TASK ITEM >>
From the entries below, reproduce exactly the line containing "2021 Toyota Voxy", the line containing "Apartamento com 2", and every line in between, with nothing added.

STUDY MATERIAL >>

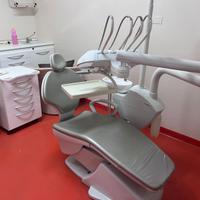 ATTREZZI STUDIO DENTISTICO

* * *

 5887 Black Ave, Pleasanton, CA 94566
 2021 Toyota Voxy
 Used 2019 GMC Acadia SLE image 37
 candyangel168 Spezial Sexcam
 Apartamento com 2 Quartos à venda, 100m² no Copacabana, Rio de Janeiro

* * *

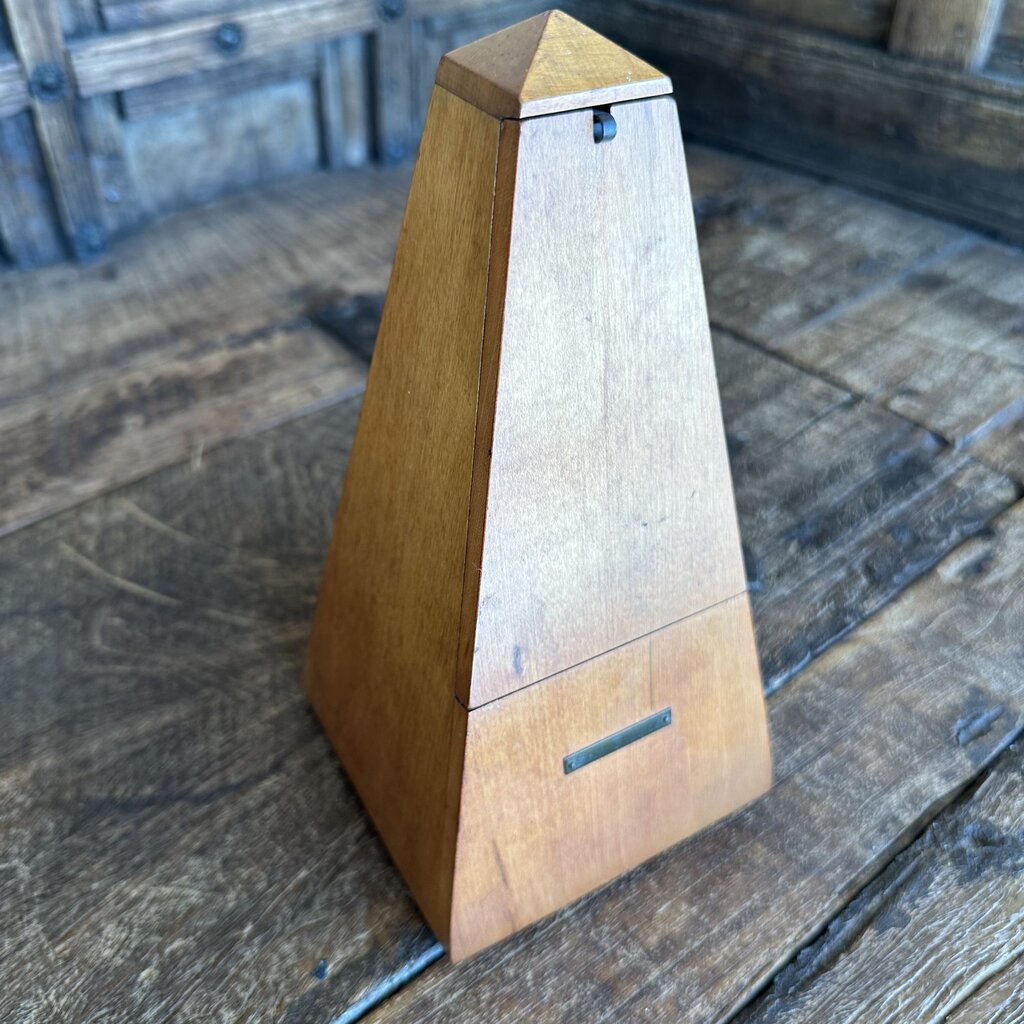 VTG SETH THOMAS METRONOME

ANSWER TO THIS TASK >>
 2021 Toyota Voxy
 Used 2019 GMC Acadia SLE image 37
 candyangel168 Spezial Sexcam
 Apartamento com 2 Quartos à venda, 100m² no Copacabana, Rio de Janeiro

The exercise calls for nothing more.